The Chancellor altered the means by which commercial stamp duty is calculated, along the lines of the residential approach which he introduced last year. While the more progressive means of calculating the duty payable is to be welcomed, the sting in the tail was a 5% band introduced for purchases above £250,000. The other band of 2% applies to the amount of the purchase price between £150,000 and £250,000. No tax is payable on purchases below £150,000. Compared with the former approach, the new method increases the amount of duty paid on purchases above £1.05m. Given the cost of most commercial properties, all bar the very smallest are likely to face higher duty, which will impact on property’s performance.
The sugar levy, to tackle childhood obesity and due to commence in 2018, could raise as much as £520 p.a. with proceeds used towards increasing funding for sport in schools.
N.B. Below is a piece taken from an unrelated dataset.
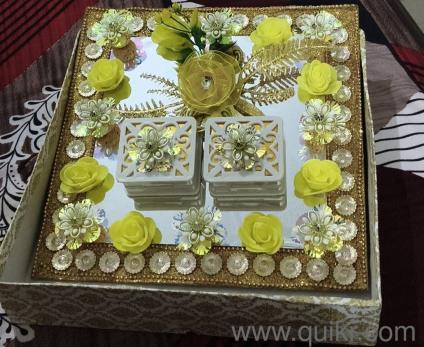 Engagement ring ceremony plate with decorative  with flowers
In a further move involving the commercial property market, the Chancellor heeded calls to intervene on the proposed up rating of business rates, stating in a £6.7bn giveaway (the most costly of the Chancellor’s business tax handouts), that one half of all UK businesses will pay either lower, or no business rates at all while any rates payable will be increased annually from 2020 by inflation as measured by the lower CPI index rather than the planned RPI index. Business rate relief for small companies was raised from £6,000 to £15,000 and the higher rate from £18,000 to £51,000 meaning that 600,000 more businesses would pay no rates.
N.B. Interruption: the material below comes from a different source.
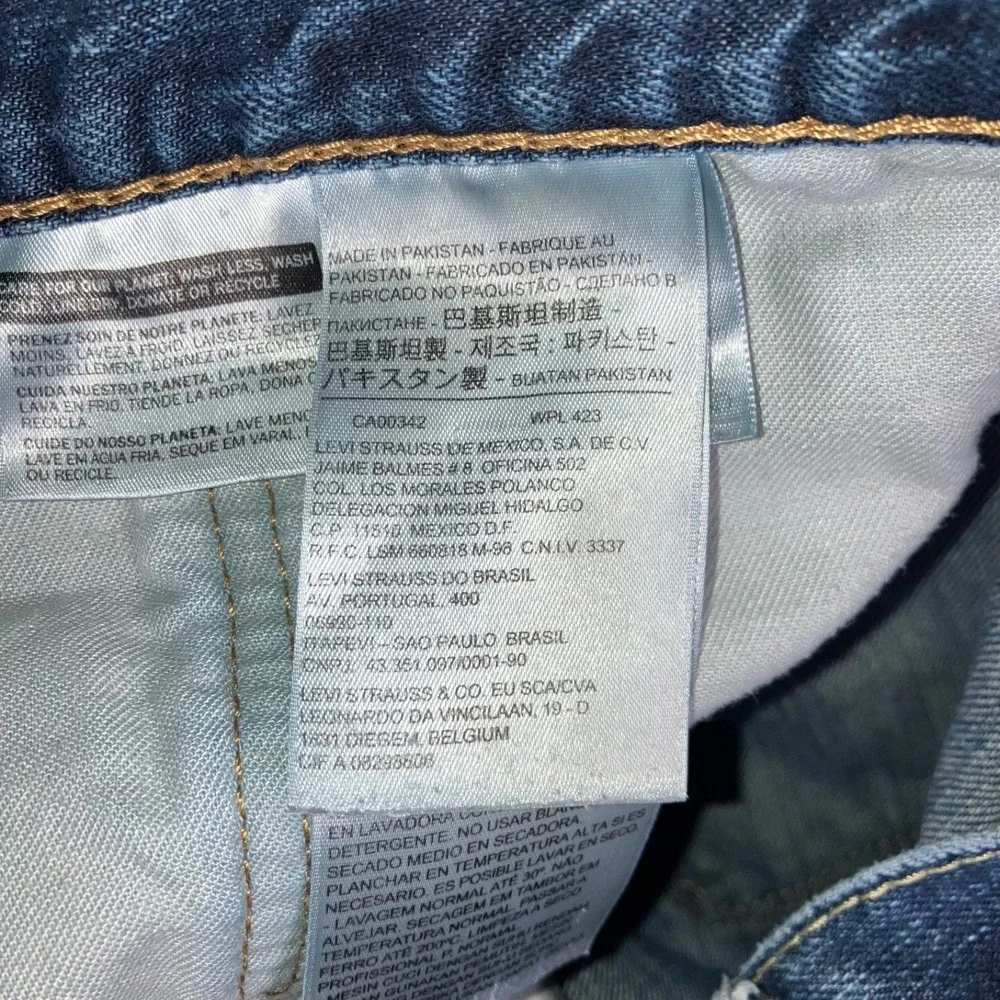 Levis preowned broken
The lowering of the Office for Budget Responsibility’s economic forecasts for the UK were not a surprise given the weaker outlook for the global economy. Flat growth of around 2% each year for the next six years, following the UK’s recent modest recovery from deep recession is hardly a ringing endorsement of government policies, but despite that, the UK’s performance is likely to prove one of the more resilient of the major economies in the near term. Given these downgrades, the country still faces major challenges in meeting the Chancellor’s target of achieving a budget surplus by 2020. Tighter controls on offsets to global corporates’ profits will assist, as will further spending cuts amounting to £3.5bn by the end of the decade, while the old favourite of Chancellors in need, the further closing of tax loopholes, is expected to generate a further £12bn by the end of the decade.
In a budget for ‘putting the next generation first’, rates of corporation tax were cut, as were taxes on oil and gas exploration and production, in an attempt to assist the beleaguered North Sea oil industry. New powers to tackle VAT fraud by overseas online retailers were also announced.
Personal tax thresholds were raised while the rates of capital gains tax were reduced. And though many thought that the Chancellor would have taken advantage of the low oil price by reinstating the fuel duty escalator, he elected to leave fuel duty unchanged, as were excise duties on beer, cider and spirits. To sweeten savers, the Chancellor raised the ISA limit from £15,240 to £20,000 from 2017 and introduced a Lifetime ISA for savers below the age of 40. The government will contribute £1 for every £4 saved up to a maximum saved of £4,000 p.a. and which is hoped to encourage the young to save, buying a home or for their retirement.